- WORK TASK -
Set down the final stretch of the data, from the line that holds "Matar Paneer" through the last line, both included, with pictures left out.

== SOURCE RECORDS

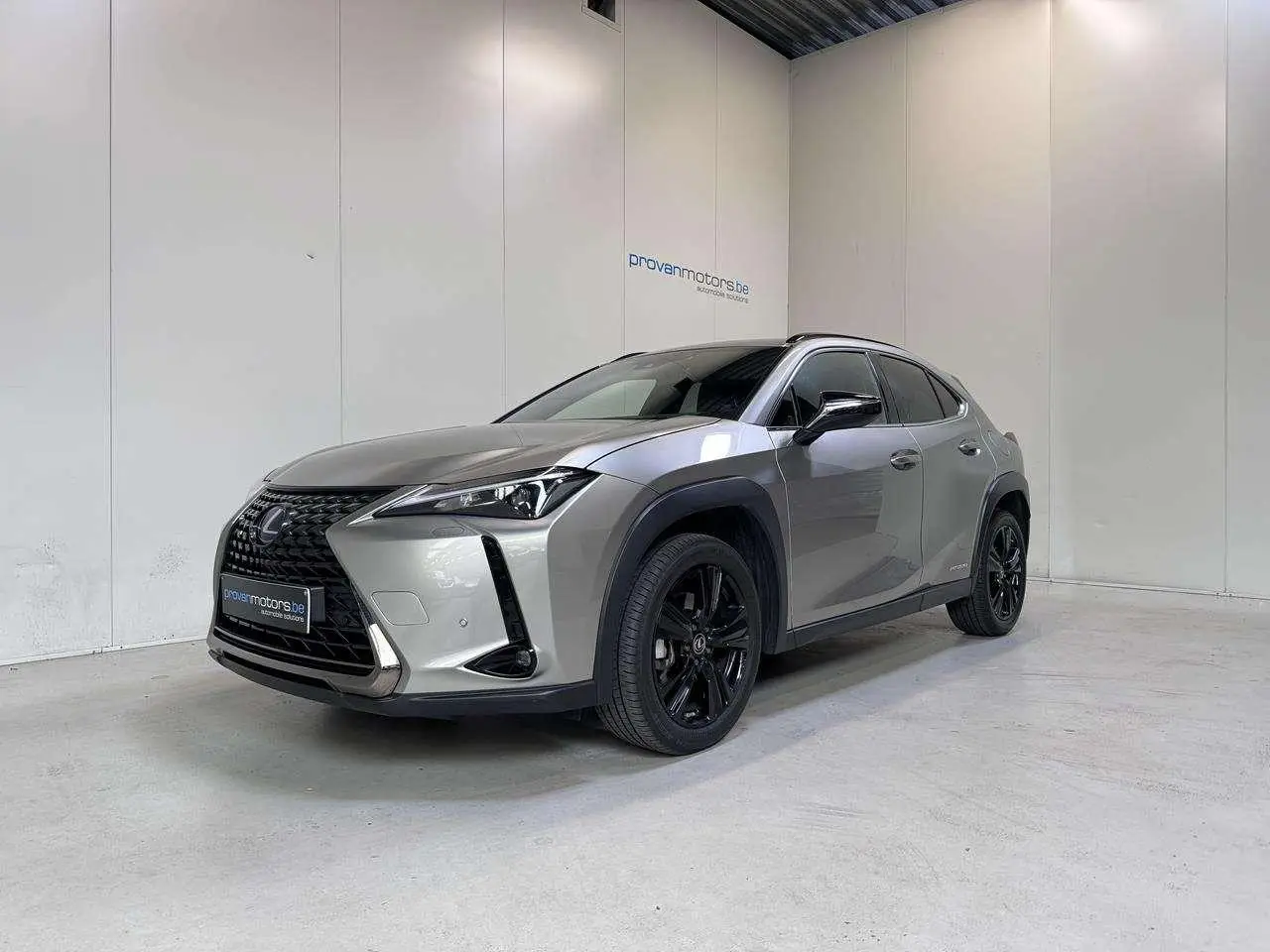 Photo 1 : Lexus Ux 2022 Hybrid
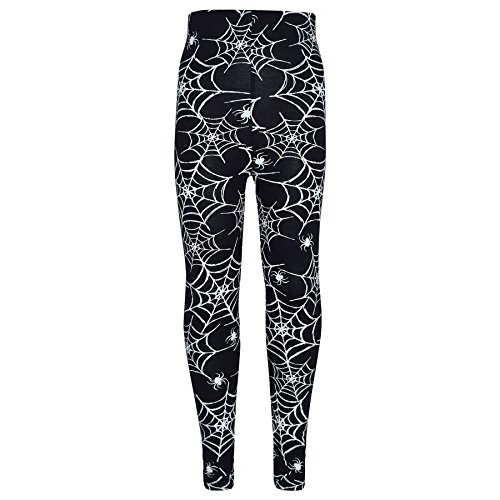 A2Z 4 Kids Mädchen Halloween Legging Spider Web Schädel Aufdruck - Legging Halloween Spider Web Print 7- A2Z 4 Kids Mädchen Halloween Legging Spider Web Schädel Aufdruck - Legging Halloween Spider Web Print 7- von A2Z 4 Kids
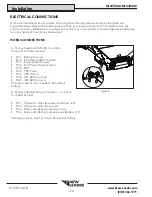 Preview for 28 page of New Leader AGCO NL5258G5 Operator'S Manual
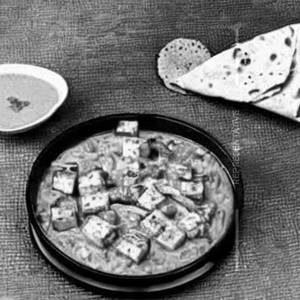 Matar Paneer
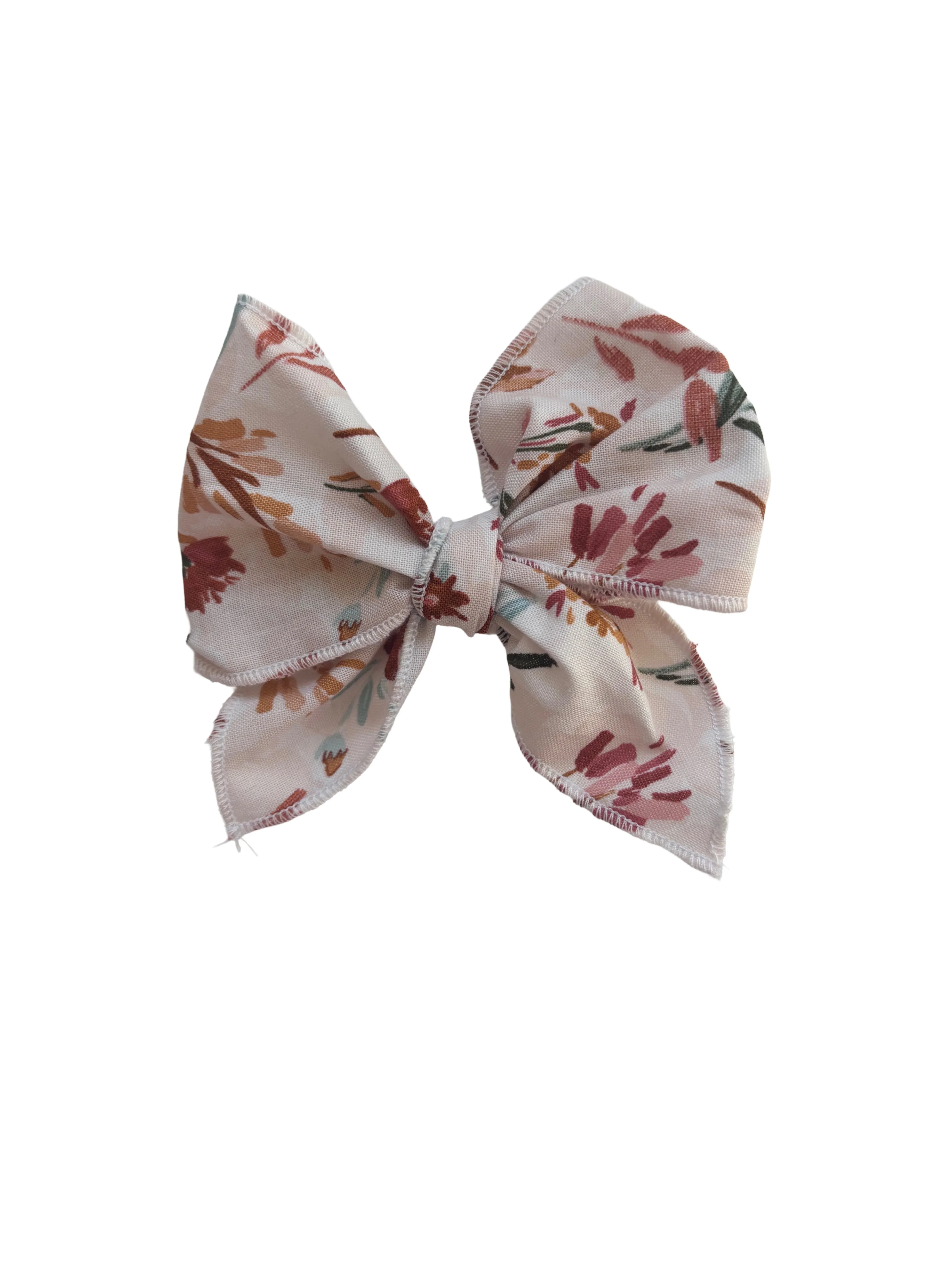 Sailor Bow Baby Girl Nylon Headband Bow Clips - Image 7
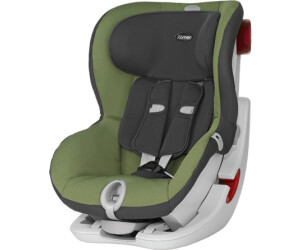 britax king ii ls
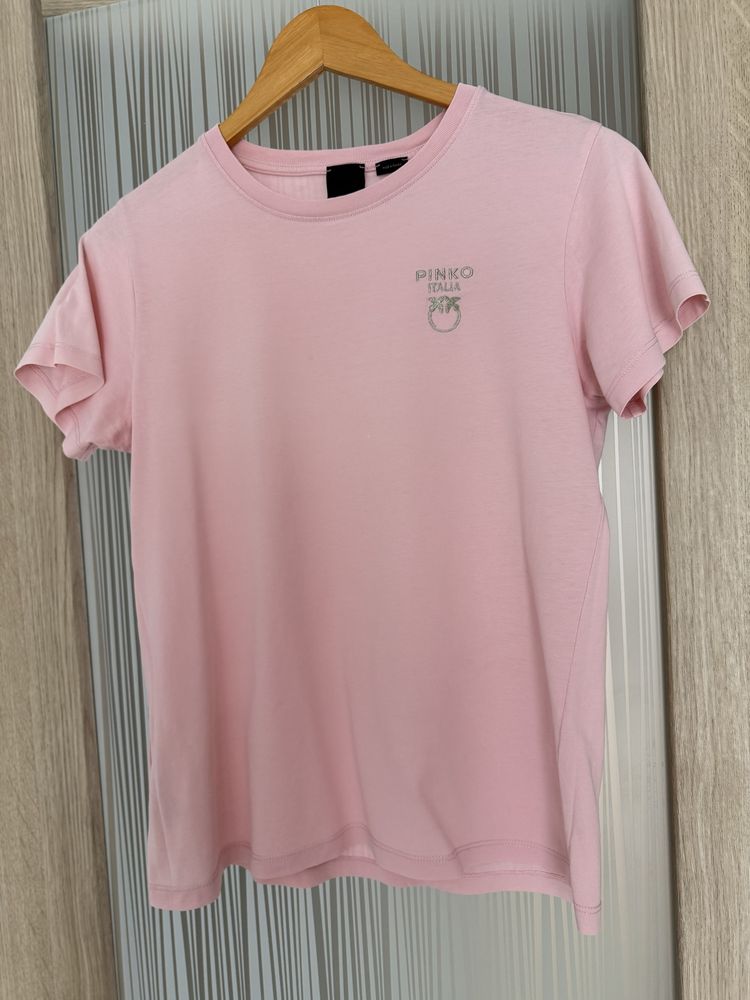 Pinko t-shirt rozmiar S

====

- TASK OUTPUT -
 Matar Paneer
 Sailor Bow Baby Girl Nylon Headband Bow Clips - Image 7
 britax king ii ls
 Pinko t-shirt rozmiar S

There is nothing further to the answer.